EXERCISE BRIEF.
Your task is to transcribe the entries below exactly, beginning with the line containing "Empower Wellness Spa" and ending with the final line, and to add nothing else.

RECORD EXCERPTS.
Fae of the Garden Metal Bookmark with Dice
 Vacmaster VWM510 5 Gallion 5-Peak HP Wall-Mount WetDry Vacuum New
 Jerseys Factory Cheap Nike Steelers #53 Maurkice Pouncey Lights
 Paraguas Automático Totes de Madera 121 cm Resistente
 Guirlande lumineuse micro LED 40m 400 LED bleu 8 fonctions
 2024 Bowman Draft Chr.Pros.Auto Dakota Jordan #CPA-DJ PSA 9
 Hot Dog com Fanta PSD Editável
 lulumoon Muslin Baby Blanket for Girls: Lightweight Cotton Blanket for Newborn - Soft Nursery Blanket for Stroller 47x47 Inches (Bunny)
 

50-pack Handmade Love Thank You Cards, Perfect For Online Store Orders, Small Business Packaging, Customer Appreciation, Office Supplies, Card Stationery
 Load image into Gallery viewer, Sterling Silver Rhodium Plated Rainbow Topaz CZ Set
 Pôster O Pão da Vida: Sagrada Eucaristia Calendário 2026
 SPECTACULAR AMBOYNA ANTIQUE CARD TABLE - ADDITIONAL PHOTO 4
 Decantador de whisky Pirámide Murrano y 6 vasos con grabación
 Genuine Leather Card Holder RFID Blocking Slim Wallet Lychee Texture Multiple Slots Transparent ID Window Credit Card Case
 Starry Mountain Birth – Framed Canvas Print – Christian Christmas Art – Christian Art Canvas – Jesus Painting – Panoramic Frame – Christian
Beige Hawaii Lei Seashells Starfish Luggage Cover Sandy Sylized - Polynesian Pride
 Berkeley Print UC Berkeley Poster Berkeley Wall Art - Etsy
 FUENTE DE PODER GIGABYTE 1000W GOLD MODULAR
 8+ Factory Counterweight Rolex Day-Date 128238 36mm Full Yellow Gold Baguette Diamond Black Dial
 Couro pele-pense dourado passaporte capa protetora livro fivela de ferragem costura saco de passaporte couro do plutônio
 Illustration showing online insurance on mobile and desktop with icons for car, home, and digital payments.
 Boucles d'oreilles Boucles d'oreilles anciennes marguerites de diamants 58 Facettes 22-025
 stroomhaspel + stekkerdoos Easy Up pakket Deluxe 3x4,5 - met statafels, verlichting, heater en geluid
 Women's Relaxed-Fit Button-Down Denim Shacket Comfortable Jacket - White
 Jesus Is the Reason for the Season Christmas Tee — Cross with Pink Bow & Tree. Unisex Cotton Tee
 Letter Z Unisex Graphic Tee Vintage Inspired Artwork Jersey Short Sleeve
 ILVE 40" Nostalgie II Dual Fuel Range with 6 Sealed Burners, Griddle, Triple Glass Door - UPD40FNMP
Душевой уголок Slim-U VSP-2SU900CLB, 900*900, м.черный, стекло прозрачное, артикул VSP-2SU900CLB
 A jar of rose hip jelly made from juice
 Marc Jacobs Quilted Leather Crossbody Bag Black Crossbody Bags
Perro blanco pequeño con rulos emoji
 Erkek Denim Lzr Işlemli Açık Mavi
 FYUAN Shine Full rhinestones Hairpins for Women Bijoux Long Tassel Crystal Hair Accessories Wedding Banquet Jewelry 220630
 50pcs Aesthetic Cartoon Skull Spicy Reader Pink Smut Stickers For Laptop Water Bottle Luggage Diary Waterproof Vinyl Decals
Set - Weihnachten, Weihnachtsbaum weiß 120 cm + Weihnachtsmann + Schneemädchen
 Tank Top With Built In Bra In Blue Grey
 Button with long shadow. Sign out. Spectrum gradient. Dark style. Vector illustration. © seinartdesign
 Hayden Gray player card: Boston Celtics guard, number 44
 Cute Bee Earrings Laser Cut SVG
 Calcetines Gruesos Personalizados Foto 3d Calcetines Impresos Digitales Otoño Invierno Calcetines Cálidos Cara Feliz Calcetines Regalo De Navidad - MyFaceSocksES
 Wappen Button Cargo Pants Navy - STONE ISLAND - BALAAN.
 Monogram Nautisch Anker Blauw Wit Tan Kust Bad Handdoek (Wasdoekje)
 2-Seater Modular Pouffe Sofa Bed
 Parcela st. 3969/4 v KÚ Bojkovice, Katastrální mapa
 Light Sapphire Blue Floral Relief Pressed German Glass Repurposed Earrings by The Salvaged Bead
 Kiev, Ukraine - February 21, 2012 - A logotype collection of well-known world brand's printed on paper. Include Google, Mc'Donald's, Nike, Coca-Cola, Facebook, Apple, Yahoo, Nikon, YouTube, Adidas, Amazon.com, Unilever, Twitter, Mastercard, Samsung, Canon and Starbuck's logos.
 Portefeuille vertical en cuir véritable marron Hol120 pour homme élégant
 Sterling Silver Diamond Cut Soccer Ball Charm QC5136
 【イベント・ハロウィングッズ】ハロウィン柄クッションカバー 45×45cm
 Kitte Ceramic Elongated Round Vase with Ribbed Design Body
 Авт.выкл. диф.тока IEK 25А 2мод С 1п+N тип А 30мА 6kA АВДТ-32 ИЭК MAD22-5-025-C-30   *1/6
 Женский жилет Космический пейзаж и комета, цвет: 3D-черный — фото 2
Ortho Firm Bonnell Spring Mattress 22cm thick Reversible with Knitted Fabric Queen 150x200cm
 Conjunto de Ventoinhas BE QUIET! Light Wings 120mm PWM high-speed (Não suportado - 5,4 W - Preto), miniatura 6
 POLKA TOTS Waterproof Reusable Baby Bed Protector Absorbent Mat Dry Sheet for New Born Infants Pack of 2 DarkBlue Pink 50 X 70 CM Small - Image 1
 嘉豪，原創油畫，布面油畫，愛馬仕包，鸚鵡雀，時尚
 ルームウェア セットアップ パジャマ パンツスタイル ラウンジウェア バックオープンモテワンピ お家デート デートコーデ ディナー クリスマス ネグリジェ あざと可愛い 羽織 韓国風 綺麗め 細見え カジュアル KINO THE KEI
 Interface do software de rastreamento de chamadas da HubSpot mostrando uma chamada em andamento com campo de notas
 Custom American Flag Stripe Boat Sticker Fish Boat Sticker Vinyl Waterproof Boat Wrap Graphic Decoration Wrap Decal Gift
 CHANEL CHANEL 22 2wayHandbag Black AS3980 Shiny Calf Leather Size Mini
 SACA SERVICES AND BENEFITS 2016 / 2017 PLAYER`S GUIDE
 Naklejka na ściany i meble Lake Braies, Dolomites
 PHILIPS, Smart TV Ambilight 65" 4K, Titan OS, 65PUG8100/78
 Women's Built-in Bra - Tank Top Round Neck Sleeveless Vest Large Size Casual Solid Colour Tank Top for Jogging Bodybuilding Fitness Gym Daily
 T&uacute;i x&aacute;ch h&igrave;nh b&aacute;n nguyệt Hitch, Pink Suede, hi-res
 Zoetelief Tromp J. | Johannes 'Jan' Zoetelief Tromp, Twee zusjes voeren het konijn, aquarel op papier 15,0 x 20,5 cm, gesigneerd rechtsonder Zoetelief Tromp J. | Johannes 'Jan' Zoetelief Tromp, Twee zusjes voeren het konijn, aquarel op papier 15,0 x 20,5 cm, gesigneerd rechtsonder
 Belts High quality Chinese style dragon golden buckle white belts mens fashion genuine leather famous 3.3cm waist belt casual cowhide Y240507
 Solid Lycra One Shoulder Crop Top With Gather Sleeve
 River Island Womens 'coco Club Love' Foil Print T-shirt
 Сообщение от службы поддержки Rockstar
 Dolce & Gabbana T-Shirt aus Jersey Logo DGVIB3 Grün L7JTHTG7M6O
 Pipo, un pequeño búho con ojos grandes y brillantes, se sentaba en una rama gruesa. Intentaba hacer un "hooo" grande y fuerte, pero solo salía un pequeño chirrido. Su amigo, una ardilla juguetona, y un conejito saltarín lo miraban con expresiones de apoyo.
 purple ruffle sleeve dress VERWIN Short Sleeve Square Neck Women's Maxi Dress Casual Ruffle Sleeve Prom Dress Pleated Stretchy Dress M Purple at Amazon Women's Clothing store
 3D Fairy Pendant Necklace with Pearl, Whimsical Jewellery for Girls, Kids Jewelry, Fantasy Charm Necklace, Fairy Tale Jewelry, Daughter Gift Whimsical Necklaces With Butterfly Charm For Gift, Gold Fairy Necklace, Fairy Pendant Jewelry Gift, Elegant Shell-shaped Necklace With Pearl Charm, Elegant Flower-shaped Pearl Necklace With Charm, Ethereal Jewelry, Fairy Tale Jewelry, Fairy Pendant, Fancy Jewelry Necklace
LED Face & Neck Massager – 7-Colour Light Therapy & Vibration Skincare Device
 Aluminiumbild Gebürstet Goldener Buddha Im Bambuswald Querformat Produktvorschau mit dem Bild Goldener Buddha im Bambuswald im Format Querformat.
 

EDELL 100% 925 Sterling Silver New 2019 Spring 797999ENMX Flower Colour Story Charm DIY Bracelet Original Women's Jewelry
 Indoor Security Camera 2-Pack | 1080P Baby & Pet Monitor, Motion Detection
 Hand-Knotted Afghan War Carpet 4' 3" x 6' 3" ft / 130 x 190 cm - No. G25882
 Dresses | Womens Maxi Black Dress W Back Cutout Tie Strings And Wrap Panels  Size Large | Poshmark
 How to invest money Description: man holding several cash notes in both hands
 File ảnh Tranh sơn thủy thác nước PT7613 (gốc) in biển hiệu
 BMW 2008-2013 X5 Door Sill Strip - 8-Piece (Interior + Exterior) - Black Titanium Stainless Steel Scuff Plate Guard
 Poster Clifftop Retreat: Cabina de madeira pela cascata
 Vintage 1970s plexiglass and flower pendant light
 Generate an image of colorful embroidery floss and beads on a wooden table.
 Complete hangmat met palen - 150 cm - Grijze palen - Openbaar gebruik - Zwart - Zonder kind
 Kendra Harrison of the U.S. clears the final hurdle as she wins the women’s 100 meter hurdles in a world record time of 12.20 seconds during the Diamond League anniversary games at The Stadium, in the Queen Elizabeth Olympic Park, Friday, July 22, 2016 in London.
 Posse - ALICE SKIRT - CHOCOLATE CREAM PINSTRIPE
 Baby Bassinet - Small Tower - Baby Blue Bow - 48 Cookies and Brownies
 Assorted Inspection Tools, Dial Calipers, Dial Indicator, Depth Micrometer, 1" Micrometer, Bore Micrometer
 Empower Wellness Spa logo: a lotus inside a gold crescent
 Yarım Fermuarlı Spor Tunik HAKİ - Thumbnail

OUTPUT OF THE EXERCISE.
 Empower Wellness Spa logo: a lotus inside a gold crescent
 Yarım Fermuarlı Spor Tunik HAKİ - Thumbnail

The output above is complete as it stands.